Building on seven regional carbon markets that are already in operation, the Chinese program will cover industries that are not currently regulated for carbon in the United States: iron and steel, chemicals, building materials, and paper manufacturing.
China will also respond to EPA’s existing power plant rule with its own steps to curb utility pollution, both through emissions trading and by introducing a “green dispatch” plan that will boost the role of renewable energy in its power grid and require dispatchers to draw first from the most efficient, lowest-emitting fossil fuel power plants, thus accelerating the retirement of older, dirtier units.

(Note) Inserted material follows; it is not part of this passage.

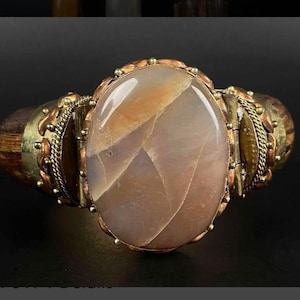 May include: A gold and copper bracelet with a large oval-shaped agate stone in the center. The stone has a light brown and white pattern. The bracelet is decorated with small beads and a chain.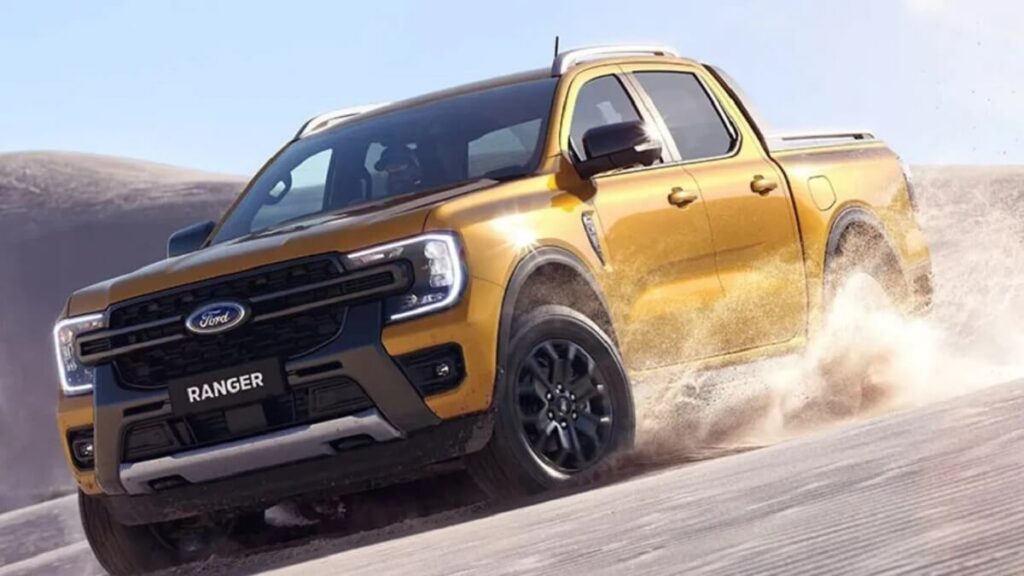 Lateral frontal de uma Ford Ranger 2023 na cor amarela rodando por um deserto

Obama and Xi hope to provide the needed boost that will allow the Paris talks to deliver an agreement. Last November’s joint announcement by the world’s two largest carbon emitters was credited with raising ambition during last year’s U.N. talks in Lima, Peru.

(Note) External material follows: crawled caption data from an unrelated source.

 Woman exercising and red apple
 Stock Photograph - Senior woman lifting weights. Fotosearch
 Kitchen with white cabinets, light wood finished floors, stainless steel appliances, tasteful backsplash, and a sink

The two presidents will also seek to contribute more directly today to the U.N. negotiations by announcing some new areas of agreement on what such an accord should look like.
They agree that the post-2020 emissions reduction targets countries have put forward ahead of Paris that will form the basis of the negotiations are “crucial steps in a longer-range effort to transition to low-carbon economies” and that they should be increased over time.

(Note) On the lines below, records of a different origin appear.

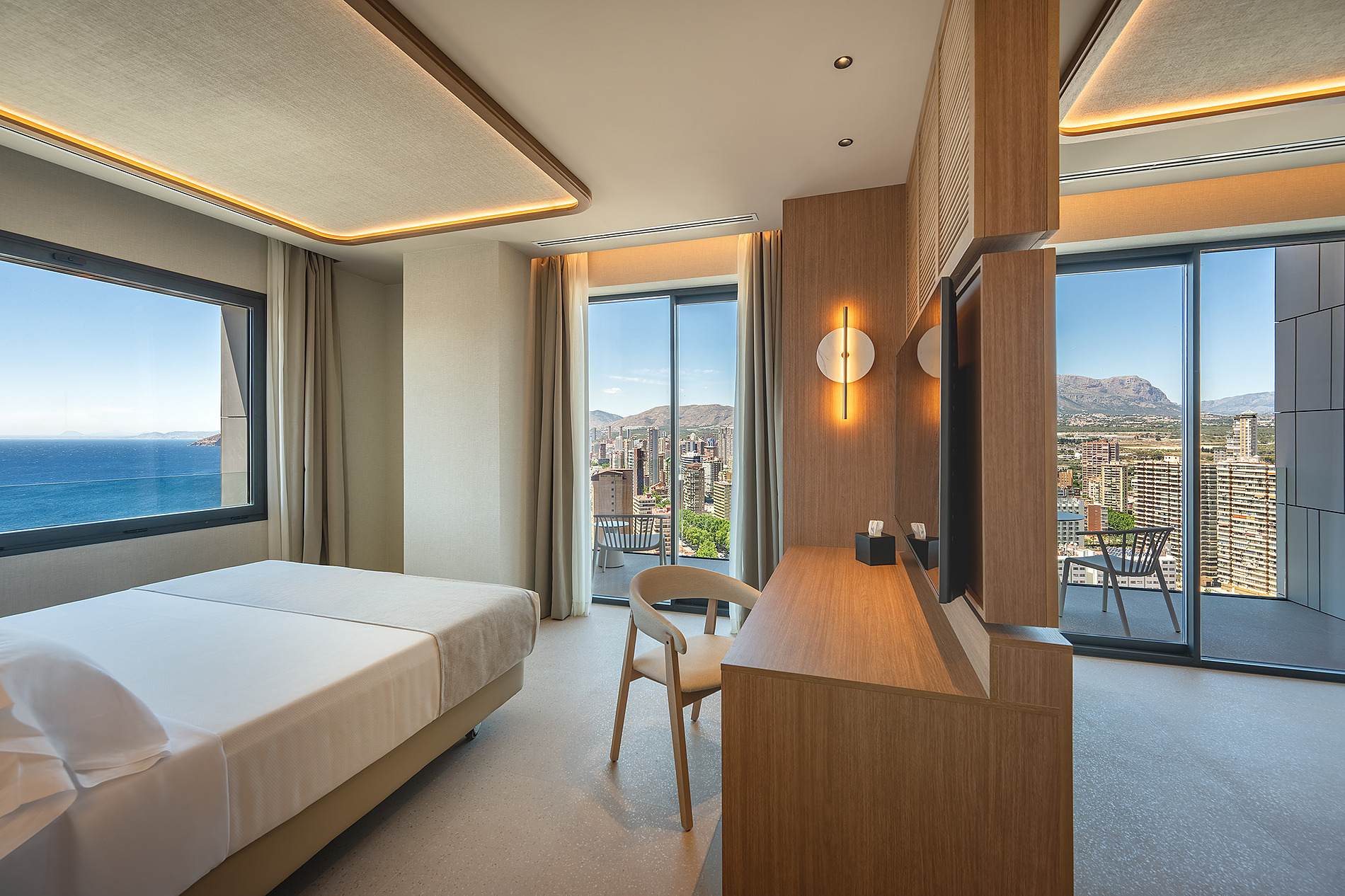 Dormitorio moderno con vista al mar y ciudad, cama doble, escritorio y silla. Port Benidorm Hotel & Spa | Alicante | Port Hotels | Web oficial.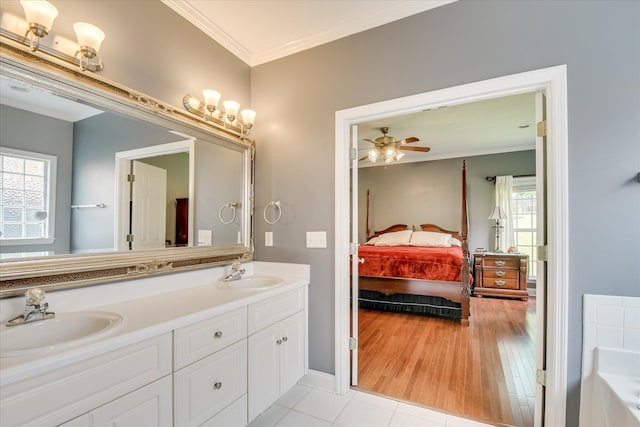 322 Farmington Dr, Evans, GA 30809 - full bathroom with ornamental molding, connected bathroom, a tub, double vanity, and a ceiling fan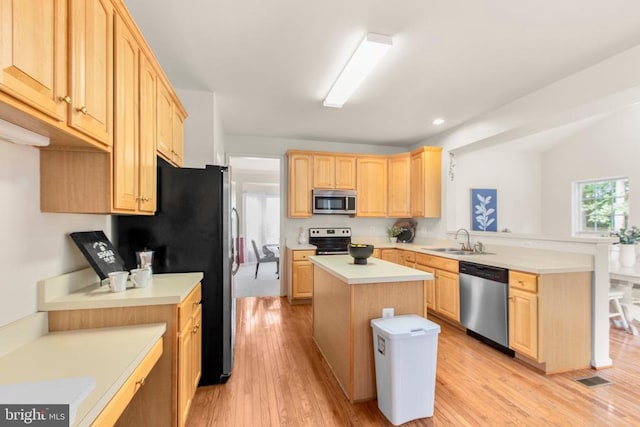 10911 Jarvis Ct, Fredericksburg, VA 22407 - kitchen with appliances with stainless steel finishes, light brown cabinetry, a peninsula, light countertops, and light wood finished floors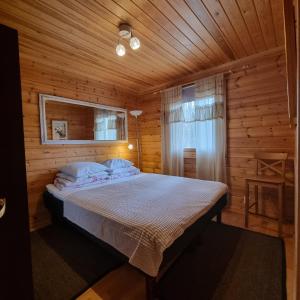 ein Schlafzimmer mit einem Bett in einer Holzhütte in der Unterkunft Revontulen Tupa in Kaamanen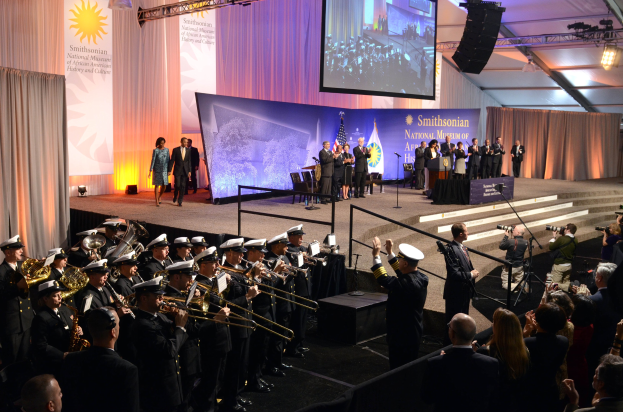 Eine Gruppe von Menschen auf einer Bühne im Smithsonian National Museum of African American History and Culture, einige halten Musikinstrumente oder Kameras, mit Treppen, Bannern, einem Bildschirm und Deckenlampen im Hintergrund.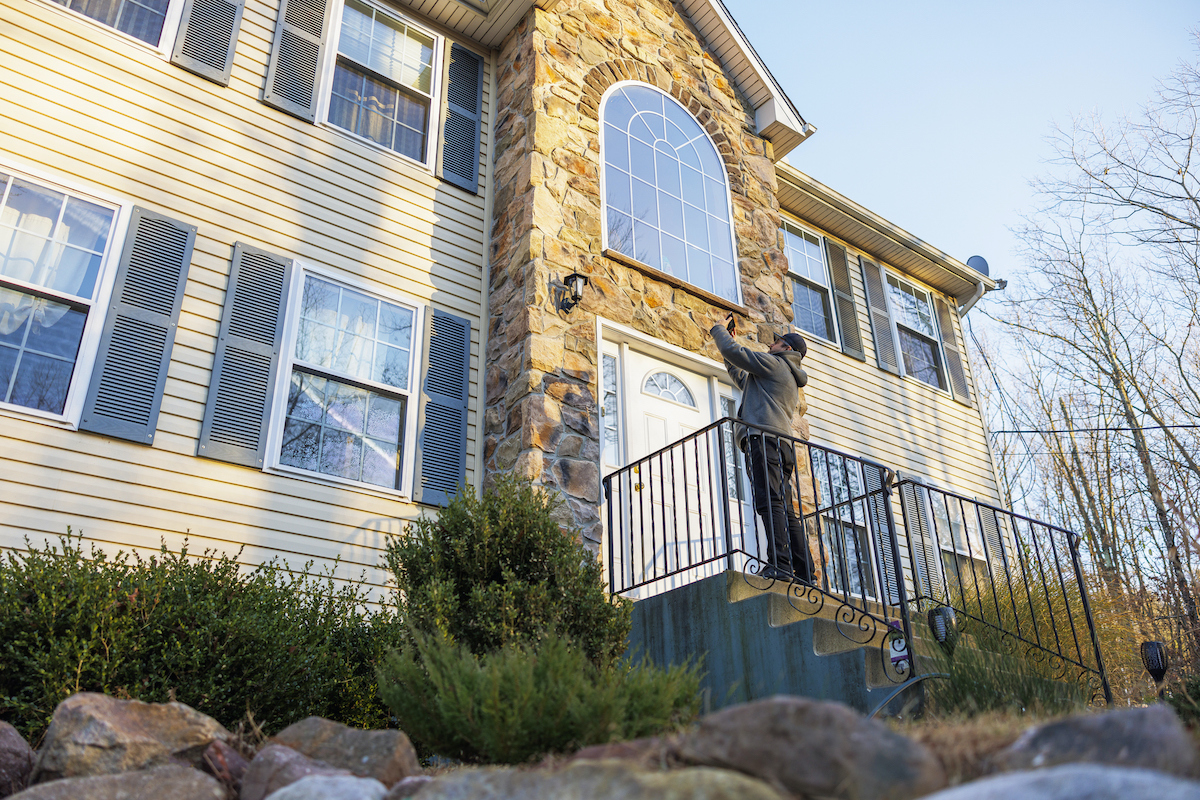 Real estate agent is taking pictures of the house in Pennsylvania, USA.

The leaders also called for the development of midcentury strategies for the transition to low-carbon economies “mindful” of the goal of keeping warming less than 2 degrees Celsius above preindustrial levels. The targets that countries have offered ahead of Paris are expected to fall short of that threshold.
And like last year’s U.S.-China accord, today’s language will further break down the U.N. process’s traditional firewall, which governs the responsibilities of developed and developing nations. This is a goal long sought by U.S. negotiators but opposed in the past by large developing emitters.
China’s pledge underscores that effort because historically, only developed countries have been expected to provide financial resources. The pledge will not move through the Green Climate Fund — which will provide $10 billion by 2020 to help poor countries cope with warming and limit their own emissions.
A White House fact sheet says the $3.1 billion will be made available “through a bilateral fund designed to help developing countries combat climate change.”
The grant, which is China’s most significant to date, will be “consistent” with the U.S. Green Climate Fund pledge, the fact sheet said. This might mean it will follow the same guidelines laid out for the U.N. fund.
A White House official said it was important that responsibilities under the new accord be based on a country’s actual capabilities rather than on what those capabilities were two decades ago when the process began.
If developed countries are required to constrict their emissions but large developing countries like China are not, that would place industries based in the developed world at a competitive disadvantage, the official said.
“There is necessarily a concern by countries all around the world that their partners and their competitors are treated in a way that’s fair, and fair one to the other,” he said.
If businesses based in the developing world, he said, are covered “in a kid-gloves category where less is expected simply because they are in that category, that’s not a prescription for support at a political level in any developed country.”
China today also pledged to “strictly control” its support for high-emitting fossil fuels projects, including in other countries. The United States has already severely restricted its support for overseas coal-fired power projects.
The United States and China also agreed to issue rules for heavy-duty vehicles and to take action to curb methane and hydrofluorocarbons, which remain in the atmosphere for a short time but can be far more climate-forcing than carbon dioxide.